*Problem to solve:*
Your response should consist of the entries below, written out exactly.
..............................
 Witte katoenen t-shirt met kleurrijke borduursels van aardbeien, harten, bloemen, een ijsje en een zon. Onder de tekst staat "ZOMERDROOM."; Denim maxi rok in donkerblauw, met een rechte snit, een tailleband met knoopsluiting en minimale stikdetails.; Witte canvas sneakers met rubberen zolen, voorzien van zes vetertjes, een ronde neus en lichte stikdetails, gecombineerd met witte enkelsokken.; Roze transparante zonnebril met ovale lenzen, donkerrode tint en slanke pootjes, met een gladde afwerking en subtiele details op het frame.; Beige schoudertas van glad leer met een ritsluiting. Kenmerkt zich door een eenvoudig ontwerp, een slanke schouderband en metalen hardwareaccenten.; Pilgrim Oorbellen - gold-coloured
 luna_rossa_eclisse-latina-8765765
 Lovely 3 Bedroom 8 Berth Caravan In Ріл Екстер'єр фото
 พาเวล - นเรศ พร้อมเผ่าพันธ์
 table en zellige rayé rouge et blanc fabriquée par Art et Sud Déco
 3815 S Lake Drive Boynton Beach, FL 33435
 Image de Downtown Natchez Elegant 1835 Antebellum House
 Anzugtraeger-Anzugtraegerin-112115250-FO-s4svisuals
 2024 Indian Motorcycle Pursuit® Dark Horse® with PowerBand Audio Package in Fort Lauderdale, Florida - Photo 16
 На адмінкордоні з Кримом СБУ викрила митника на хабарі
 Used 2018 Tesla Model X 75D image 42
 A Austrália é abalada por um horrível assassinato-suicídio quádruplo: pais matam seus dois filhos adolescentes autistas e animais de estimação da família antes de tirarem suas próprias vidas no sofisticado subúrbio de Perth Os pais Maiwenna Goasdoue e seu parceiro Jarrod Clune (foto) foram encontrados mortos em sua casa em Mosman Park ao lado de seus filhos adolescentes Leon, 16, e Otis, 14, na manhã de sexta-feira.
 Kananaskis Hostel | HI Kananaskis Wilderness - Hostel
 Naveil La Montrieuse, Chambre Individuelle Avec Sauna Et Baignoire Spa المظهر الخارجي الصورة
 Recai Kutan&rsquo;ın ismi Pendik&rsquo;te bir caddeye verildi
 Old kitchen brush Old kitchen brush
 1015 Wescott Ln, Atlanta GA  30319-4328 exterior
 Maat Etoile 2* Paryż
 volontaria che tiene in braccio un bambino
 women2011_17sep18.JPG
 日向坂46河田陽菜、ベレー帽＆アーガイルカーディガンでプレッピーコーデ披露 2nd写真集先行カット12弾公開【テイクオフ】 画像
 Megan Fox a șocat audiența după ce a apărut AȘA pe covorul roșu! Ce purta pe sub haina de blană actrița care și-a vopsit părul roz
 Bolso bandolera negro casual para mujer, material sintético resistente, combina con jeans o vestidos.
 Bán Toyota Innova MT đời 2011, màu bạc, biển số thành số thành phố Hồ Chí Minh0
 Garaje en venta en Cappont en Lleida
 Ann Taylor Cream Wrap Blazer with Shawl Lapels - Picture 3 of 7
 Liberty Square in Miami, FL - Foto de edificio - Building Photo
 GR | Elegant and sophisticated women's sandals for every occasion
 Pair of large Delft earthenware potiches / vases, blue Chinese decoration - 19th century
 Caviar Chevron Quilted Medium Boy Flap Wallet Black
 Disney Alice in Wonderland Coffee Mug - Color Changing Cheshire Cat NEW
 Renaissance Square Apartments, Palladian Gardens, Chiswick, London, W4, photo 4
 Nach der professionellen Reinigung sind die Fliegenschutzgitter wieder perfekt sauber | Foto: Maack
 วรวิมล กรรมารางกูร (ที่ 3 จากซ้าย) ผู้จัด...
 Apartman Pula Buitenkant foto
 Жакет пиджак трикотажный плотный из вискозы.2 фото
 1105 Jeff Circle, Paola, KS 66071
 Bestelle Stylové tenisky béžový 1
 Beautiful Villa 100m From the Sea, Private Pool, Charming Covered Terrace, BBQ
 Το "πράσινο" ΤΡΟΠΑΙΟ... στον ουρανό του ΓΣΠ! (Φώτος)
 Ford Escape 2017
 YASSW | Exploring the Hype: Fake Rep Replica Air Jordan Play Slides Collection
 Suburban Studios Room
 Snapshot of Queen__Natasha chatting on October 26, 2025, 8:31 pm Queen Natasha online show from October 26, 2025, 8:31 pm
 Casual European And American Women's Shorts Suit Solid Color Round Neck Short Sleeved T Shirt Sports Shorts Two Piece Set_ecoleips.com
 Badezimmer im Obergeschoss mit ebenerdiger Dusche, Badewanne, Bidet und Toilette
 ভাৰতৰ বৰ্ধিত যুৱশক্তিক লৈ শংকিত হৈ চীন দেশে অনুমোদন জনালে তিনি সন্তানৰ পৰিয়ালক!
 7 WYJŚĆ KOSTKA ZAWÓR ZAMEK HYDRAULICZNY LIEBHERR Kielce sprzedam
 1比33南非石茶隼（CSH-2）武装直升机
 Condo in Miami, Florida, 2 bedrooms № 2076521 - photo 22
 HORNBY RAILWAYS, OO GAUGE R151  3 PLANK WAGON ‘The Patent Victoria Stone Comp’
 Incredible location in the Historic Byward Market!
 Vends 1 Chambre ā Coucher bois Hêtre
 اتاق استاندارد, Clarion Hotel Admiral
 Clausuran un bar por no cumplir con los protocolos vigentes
..............................
*Answer to this problem:*
 Witte katoenen t-shirt met kleurrijke borduursels van aardbeien, harten, bloemen, een ijsje en een zon. Onder de tekst staat "ZOMERDROOM."; Denim maxi rok in donkerblauw, met een rechte snit, een tailleband met knoopsluiting en minimale stikdetails.; Witte canvas sneakers met rubberen zolen, voorzien van zes vetertjes, een ronde neus en lichte stikdetails, gecombineerd met witte enkelsokken.; Roze transparante zonnebril met ovale lenzen, donkerrode tint en slanke pootjes, met een gladde afwerking en subtiele details op het frame.; Beige schoudertas van glad leer met een ritsluiting. Kenmerkt zich door een eenvoudig ontwerp, een slanke schouderband en metalen hardwareaccenten.; Pilgrim Oorbellen - gold-coloured
 luna_rossa_eclisse-latina-8765765
 Lovely 3 Bedroom 8 Berth Caravan In Ріл Екстер'єр фото
 พาเวล - นเรศ พร้อมเผ่าพันธ์
 table en zellige rayé rouge et blanc fabriquée par Art et Sud Déco
 3815 S Lake Drive Boynton Beach, FL 33435
 Image de Downtown Natchez Elegant 1835 Antebellum House
 Anzugtraeger-Anzugtraegerin-112115250-FO-s4svisuals
 2024 Indian Motorcycle Pursuit® Dark Horse® with PowerBand Audio Package in Fort Lauderdale, Florida - Photo 16
 На адмінкордоні з Кримом СБУ викрила митника на хабарі
 Used 2018 Tesla Model X 75D image 42
 A Austrália é abalada por um horrível assassinato-suicídio quádruplo: pais matam seus dois filhos adolescentes autistas e animais de estimação da família antes de tirarem suas próprias vidas no sofisticado subúrbio de Perth Os pais Maiwenna Goasdoue e seu parceiro Jarrod Clune (foto) foram encontrados mortos em sua casa em Mosman Park ao lado de seus filhos adolescentes Leon, 16, e Otis, 14, na manhã de sexta-feira.
 Kananaskis Hostel | HI Kananaskis Wilderness - Hostel
 Naveil La Montrieuse, Chambre Individuelle Avec Sauna Et Baignoire Spa المظهر الخارجي الصورة
 Recai Kutan&rsquo;ın ismi Pendik&rsquo;te bir caddeye verildi
 Old kitchen brush Old kitchen brush
 1015 Wescott Ln, Atlanta GA  30319-4328 exterior
 Maat Etoile 2* Paryż
 volontaria che tiene in braccio un bambino
 women2011_17sep18.JPG
 日向坂46河田陽菜、ベレー帽＆アーガイルカーディガンでプレッピーコーデ披露 2nd写真集先行カット12弾公開【テイクオフ】 画像
 Megan Fox a șocat audiența după ce a apărut AȘA pe covorul roșu! Ce purta pe sub haina de blană actrița care și-a vopsit părul roz
 Bolso bandolera negro casual para mujer, material sintético resistente, combina con jeans o vestidos.
 Bán Toyota Innova MT đời 2011, màu bạc, biển số thành số thành phố Hồ Chí Minh0
 Garaje en venta en Cappont en Lleida
 Ann Taylor Cream Wrap Blazer with Shawl Lapels - Picture 3 of 7
 Liberty Square in Miami, FL - Foto de edificio - Building Photo
 GR | Elegant and sophisticated women's sandals for every occasion
 Pair of large Delft earthenware potiches / vases, blue Chinese decoration - 19th century
 Caviar Chevron Quilted Medium Boy Flap Wallet Black
 Disney Alice in Wonderland Coffee Mug - Color Changing Cheshire Cat NEW
 Renaissance Square Apartments, Palladian Gardens, Chiswick, London, W4, photo 4
 Nach der professionellen Reinigung sind die Fliegenschutzgitter wieder perfekt sauber | Foto: Maack
 วรวิมล กรรมารางกูร (ที่ 3 จากซ้าย) ผู้จัด...
 Apartman Pula Buitenkant foto
 Жакет пиджак трикотажный плотный из вискозы.2 фото
 1105 Jeff Circle, Paola, KS 66071
 Bestelle Stylové tenisky béžový 1
 Beautiful Villa 100m From the Sea, Private Pool, Charming Covered Terrace, BBQ
 Το "πράσινο" ΤΡΟΠΑΙΟ... στον ουρανό του ΓΣΠ! (Φώτος)
 Ford Escape 2017
 YASSW | Exploring the Hype: Fake Rep Replica Air Jordan Play Slides Collection
 Suburban Studios Room
 Snapshot of Queen__Natasha chatting on October 26, 2025, 8:31 pm Queen Natasha online show from October 26, 2025, 8:31 pm
 Casual European And American Women's Shorts Suit Solid Color Round Neck Short Sleeved T Shirt Sports Shorts Two Piece Set_ecoleips.com
 Badezimmer im Obergeschoss mit ebenerdiger Dusche, Badewanne, Bidet und Toilette
 ভাৰতৰ বৰ্ধিত যুৱশক্তিক লৈ শংকিত হৈ চীন দেশে অনুমোদন জনালে তিনি সন্তানৰ পৰিয়ালক!
 7 WYJŚĆ KOSTKA ZAWÓR ZAMEK HYDRAULICZNY LIEBHERR Kielce sprzedam
 1比33南非石茶隼（CSH-2）武装直升机
 Condo in Miami, Florida, 2 bedrooms № 2076521 - photo 22
 HORNBY RAILWAYS, OO GAUGE R151  3 PLANK WAGON ‘The Patent Victoria Stone Comp’
 Incredible location in the Historic Byward Market!
 Vends 1 Chambre ā Coucher bois Hêtre
 اتاق استاندارد, Clarion Hotel Admiral
 Clausuran un bar por no cumplir con los protocolos vigentes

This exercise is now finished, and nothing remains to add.